- Directed by: Sean Patrick O'Reilly
- Written by: Sean Patrick O'Reilly
- Produced by: Sean Patrick O'Reilly Michelle O'Reilly
- Starring: Christopher Plummer Mark Hamill Scott McNeil Jeffrey Combs Ron Perlman
- Edited by: Chris Trinh
- Music by: George Streicher
- Production company: Arcana Studio
- Distributed by: Shout! Factory
- Release date: October 1, 2017;
- Running time: 89 minutes
- Country: Canada
- Language: English

= Howard Lovecraft and the Undersea Kingdom =

Howard Lovecraft and the Undersea Kingdom is a 2017 animated direct-to-video film based on the graphic novel of the same name. The film is inspired by the writings of American horror author H. P. Lovecraft. The sequel to the 2016 film Howard Lovecraft and the Frozen Kingdom, the film was followed by Howard Lovecraft and the Kingdom of Madness in 2018.

== Plot ==
After the events of the Frozen Kingdom, Howard Lovecraft is now home.

A terrible curse is placed upon his loved ones and he must travel to the Undersea Kingdom in order to free his mother who has been captured by an old foe. On his quest he gains help from Dr. Armitage, his father Winfield, and his best friend Spot.

== Production ==
On January 18, 2017, it was announced that Mark Hamill, Christopher Plummer and Jeffrey Combs and Doug Bradley would be joining the voice cast in this animated feature. Hamill was cast as Dr. Henry Armitage while Plummer, Ron Perlman, and Bradley reprise their respective roles as Dr. Herbert West, Shoggoth, and Nyarlathotep.

Shout! Factory had acquired the distribution rights to the series including theatrical, digital, broadcast, home entertainment.

== Cast ==

- Christopher Plummer - Dr. West
- Mark Hamill - Dr. Henry Armitage
- Kiefer O'Reilly - Howard Lovecraft
- Jeffrey Combs - King Abdul
- Ron Perlman - Shoggoth
- Scott McNeil - Dagon/Govlins
- Doug Bradley - Nyarlathotep
- Sean Patrick O'Reilly - Spot
- Harmony O'Reilly - Innes
- Michelle O'Reilly - Sarah Lovecraft
- Phoenix O'Reilly - Twi'i
- Summer O'Reilly - Gotha
- Tyler Nicol - Winfield Lovecraft

== Release ==
The film was released on October 1, 2017.

It also was screened at H.P. Lovecraft Film Festival in Oregon, FearNYC Film Festival and Hot Springs International Horror Film Festival.

=== Home media ===
Howard Lovecraft and the Undersea Kingdom was released on DVD and Blu-ray on December 5, 2017 by Shout! Factory as part of the company's three-feature distribution deal with Arcana Studio.

== Reception ==

=== Critical response ===
Rotten Tomatoes has an approval rating of 40% and it has a weighted average vote of 7.5/10 out of 392 votes on IMDb.

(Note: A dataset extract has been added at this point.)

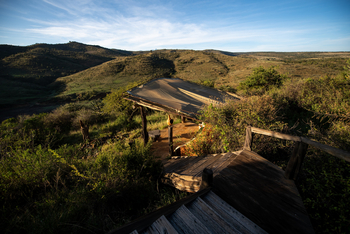 Borana Lodge Borana Lodge: Zugang zur Terasse Room 4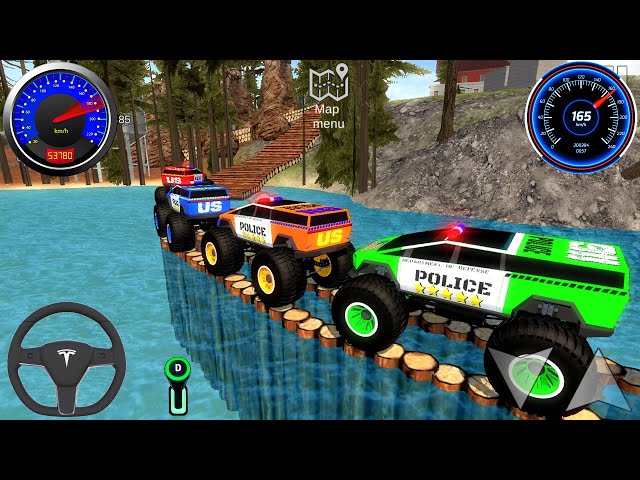 Juegos De Carros - Police Monster Trucks Impossible Driver #2 - Car Extreme Racing Android GamePlay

Critics says "Howard Lovecraft and the Undersea Kingdom does a lot of things right; it's fun, packed with high adventure, and manages to soften the Lovecraft mythos to make it palatable to younger viewers (...) the story is muddy in some areas with a myriad of story points going on simultaneously over a rather short runtime".
Fans and viewers of the film praised the voice talent of the movie but have criticized the quality of the animation.

== Accolades ==
The film took home Best in the Festival: Scifi at Hot Springs International Horror Film Festival and Best Director at FearNYC.